I agree, and would add Shar Pei and GSD to the list - 2 more breeds that are quick to use their mouth to get a point across. The Shepherds are the ones that make me nervous since a lot of them have sharp/nervous temperaments...A lot of Chis, Pugs and Terriers go into a complete attack frenzy when you try to touch or trim their nails.


----------



## beccachow (Nov 8, 2008)

Boy, you guys would love to come to my house, lol. Two chows and a sheperd!! I have owned chows my whole life and have never had any real aggression from any of them. The sheperd is a lover, plain and simple. So until recently, I was on the "boo hiss, no such thing as aggressive breed" kick (at one time, our lane had two rotties, a doberman, two chows and the sheperd running around, I used to joke about any poor fool that would come dwn the lane, but all the while knowing that these dogs were sweet). Until...

This is going to be a recap for some of you, but about a week ago, my FIL's goat hopped out of her pen and was on HIS property, munching grass and weeds in back of his house. One of my cousin-in-law's pitties JUMPED the 4 foot fence for no reason other than to run the goat into the ground and attack it. Mercifully, they were able to seperate the two. The goat is covered in lacs, practically lost an ear, and had her udder ripped wide open.

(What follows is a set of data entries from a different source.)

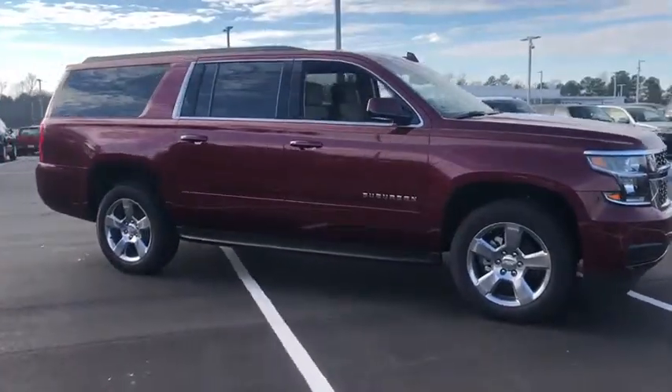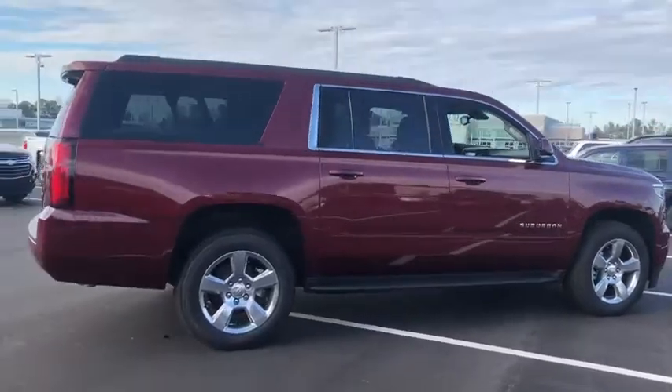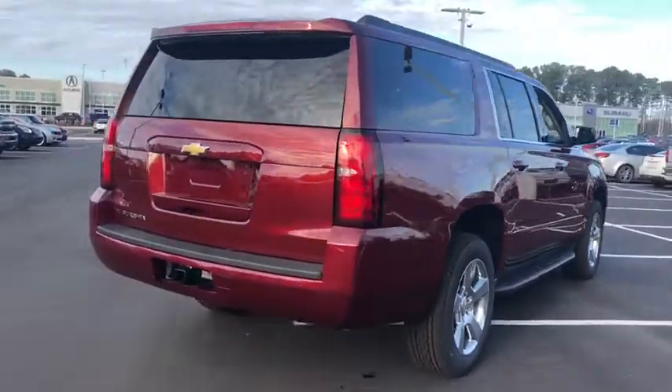2019 Chevrolet Suburban. The Suburban excels at towing heavy trailers, hauling loads of people and gear, and enduring hard use and rugged terrain.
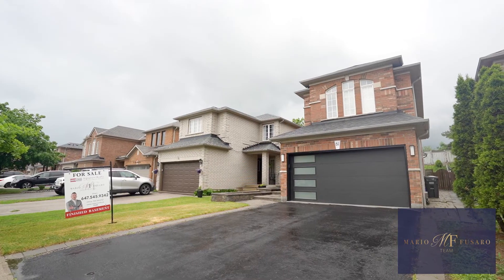It features six-car parking, finished basement with separate entrance, huge backyard, and a huge eat-in kitchen with built-in pantry. It's a must-see — come check it out.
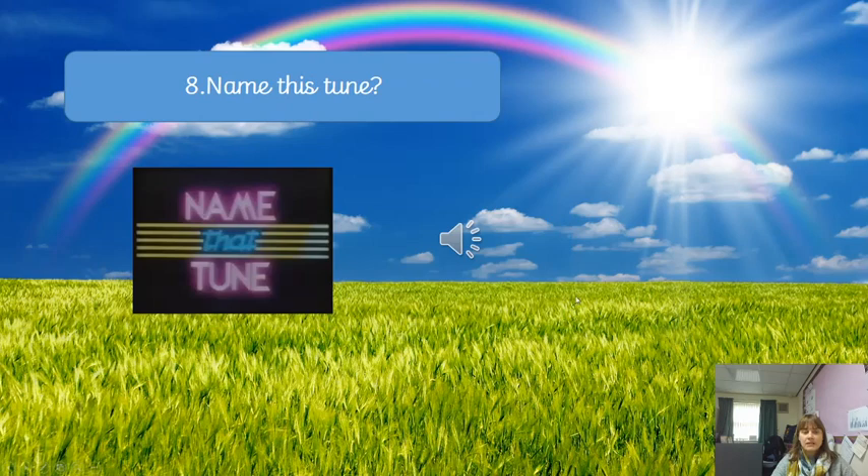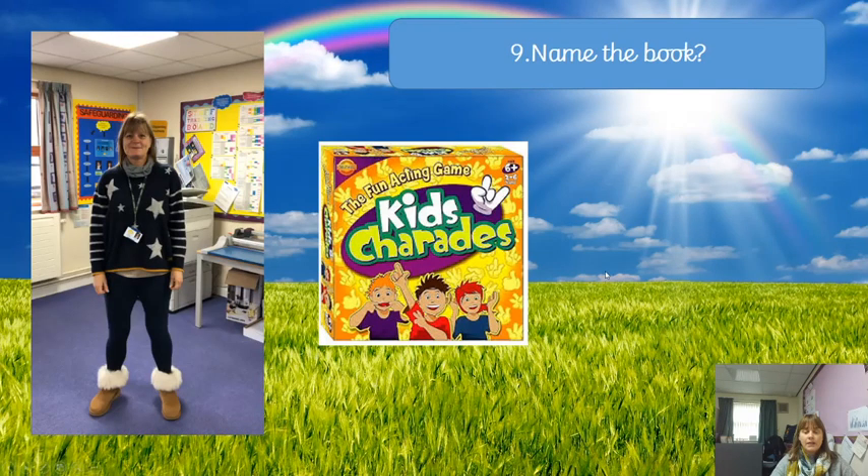Question number eight: can you name this? There's a little intro — see whether or not you can name this tune. Question number nine: again we've got a charade — can you name this book?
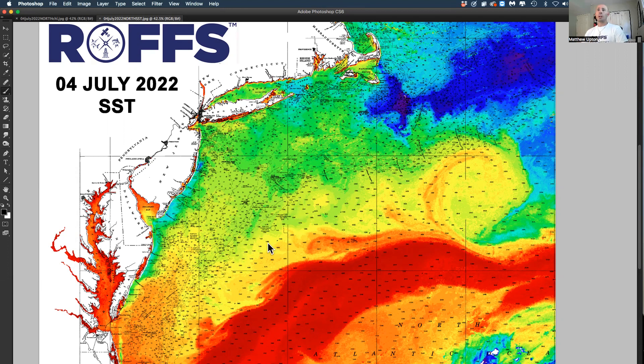But the water is warming up. Now we have water that is in your mid to upper 70s down off of Virginia and Maryland. And you have 71, 72, 73 degrees off of New Jersey, and then off of Long Island and Massachusetts, that water is almost up to 70 — it's like 68, 69, 70 degrees.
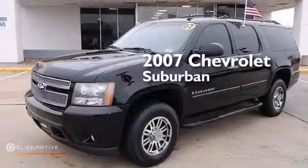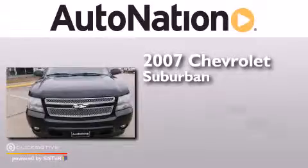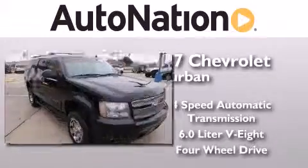This is a 2007 Chevrolet Suburban. This SUV has a 4-speed automatic transmission, a 6.0-liter V8, and 4-wheel drive.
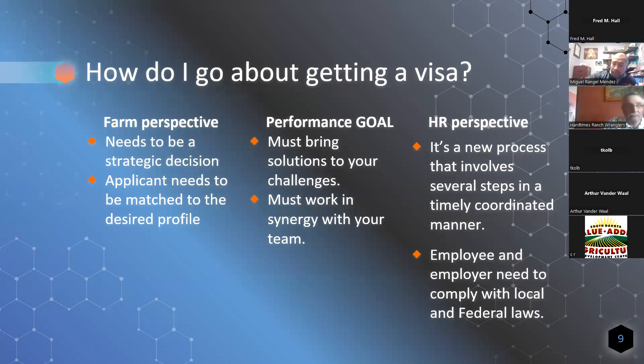It's important to understand how to go about getting a visa, because sometimes by not doing due diligence you don't get the benefits of the program. From the farm perspective, it needs to be a strategic decision. You need to make sure you're bringing someone that actually matches the needs of your farm. If you have issues with breeding, you want to bring someone with breeding experience. If you need someone that brings performance or solutions, then you need to bring someone with that experience.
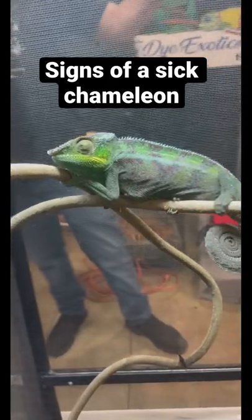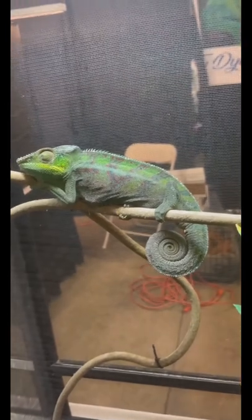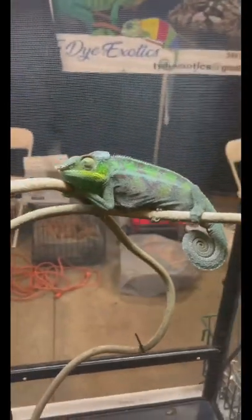If you're wondering what a sick chameleon looks like, this is it. I was at a reptile expo and came across these chameleons and they are very, very sick.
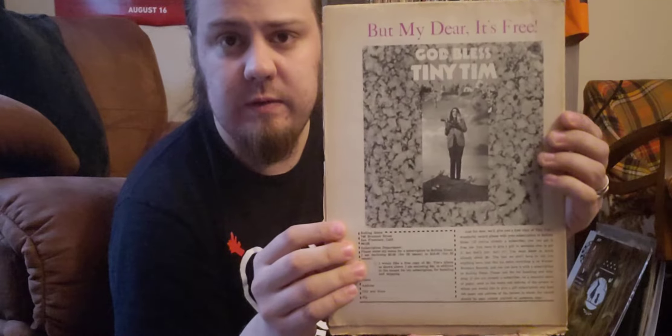Next up is from July 6, 1968 — issue number 13 of Rolling Stone, with Tiny Tim on the cover. Haven't had a chance to really look through that yet. This is a picture the seller sent with it — a picture of someone, presumably the seller, with Tiny Tim, holding that issue of Rolling Stone.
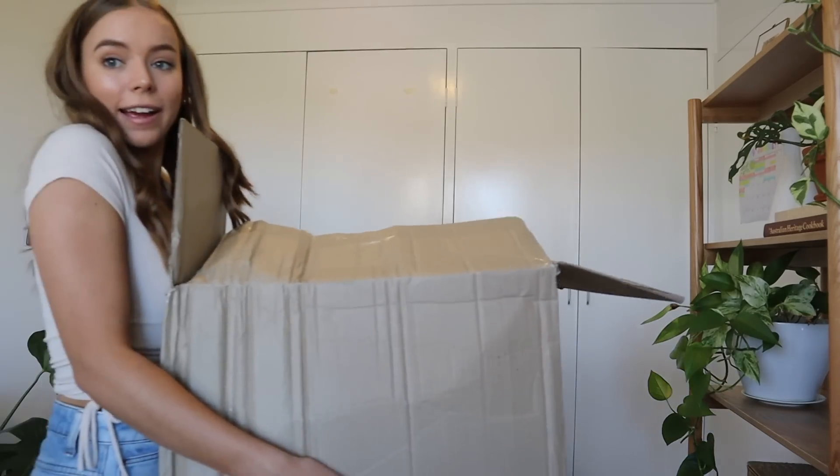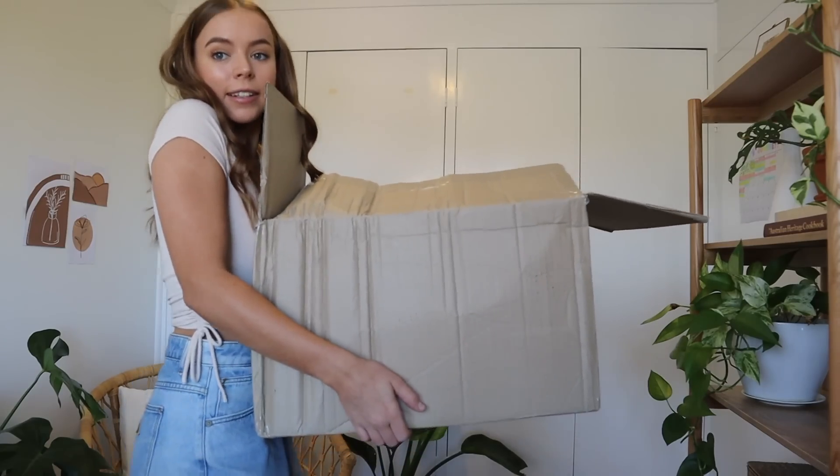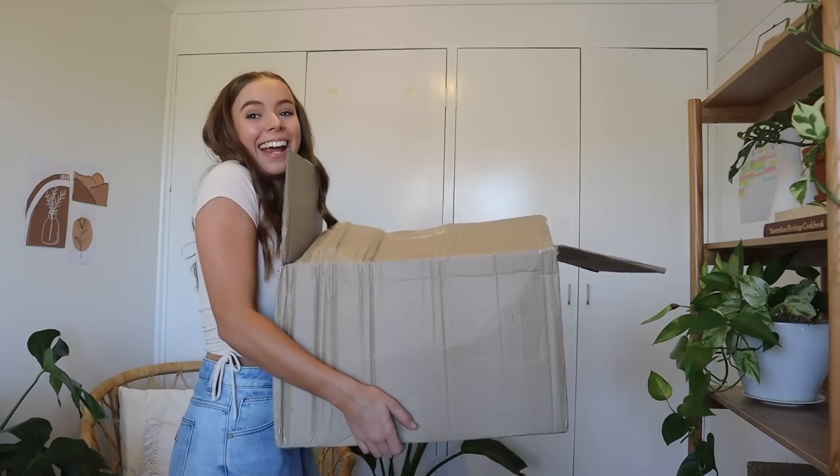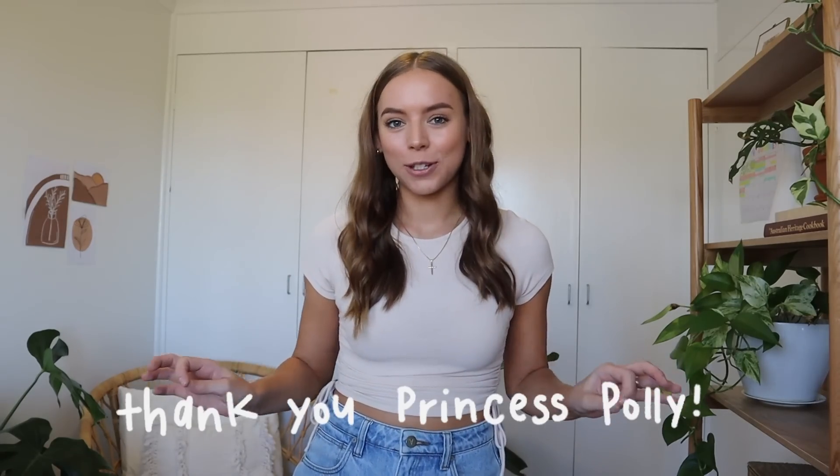Hello my friends, welcome back to another video. My name is Rachel and today we have a Princess Polly haul to show you — and let's just say it's not a little one. This box arrived at my door yesterday full of things and I'm going to show you those things today. A huge thank you to Princess Polly for sponsoring today's video.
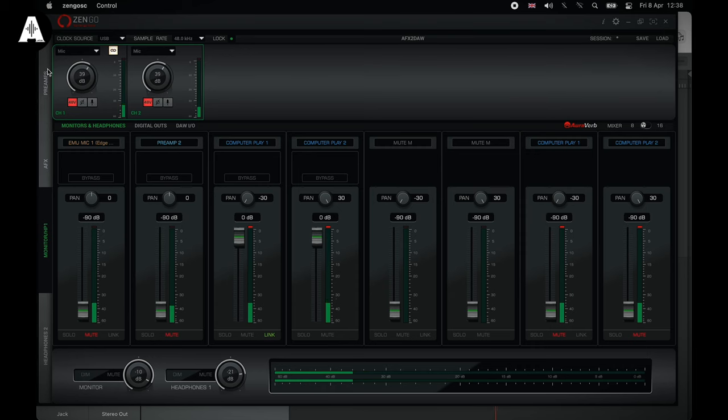The mic pre-gain on the device I'm currently using — which is the Zen Go — the gain is set on the device, not in the DAW. That is one of its purposes. There's an amplifier inside for every mic input, because the signal from the mic is a very faint sound, and it just needs to be amplified.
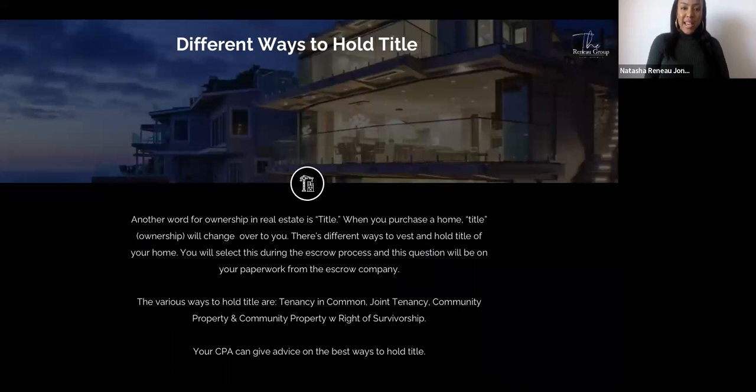Another word for ownership in real estate is title. When you purchase a home, title — which is ownership — will change over to you. There are different ways to vest and hold title, which you'll select during the escrow process. The various ways include tenancy in common, joint tenancy, community property, and community property with right of survivorship. Your CPA can advise on the best ways to hold title, and we also have a sheet in our buyer's education toolbox that breaks each one down further.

This would be an isolated incident, right? Well last year, the goat had gotten out of her pen and was munching grass in her own yard, when the cousin-in-law's pit bull launched itself across the 4 foot fence and attacked it. The gaot at that time suffered severe damage to her snout and throat. Problem is, it was a different pit bull. In other words, this person owns two pit bulls and BOTH of them launched across the fence for the express purpose of killing a goat, at different times. I am no longer allowing my child over there to play, and am very wary of the breed where I never was before.

I am reluctant to have to begin to admit, there are reasons perhaps for the bad raps these dogs get. Trust me I hate to say that EVERYONE I talk to has a bad chow-chow experience, but there it is. Now I have to add myself as one who has a bad pittie experience. Ironically, even after the FIRST attack last year, I still swore the breed was maligned for no reason.


----------



## beccachow (Nov 8, 2008)

farmmom said:


> I remember an incident from when I was a teen. An older man died in his trailer across the street from where I lived. He'd been dead 3 days when he was found. Animal control had to come in and secure a little Scottie dog that would not let the emergency personel anywhere near the body.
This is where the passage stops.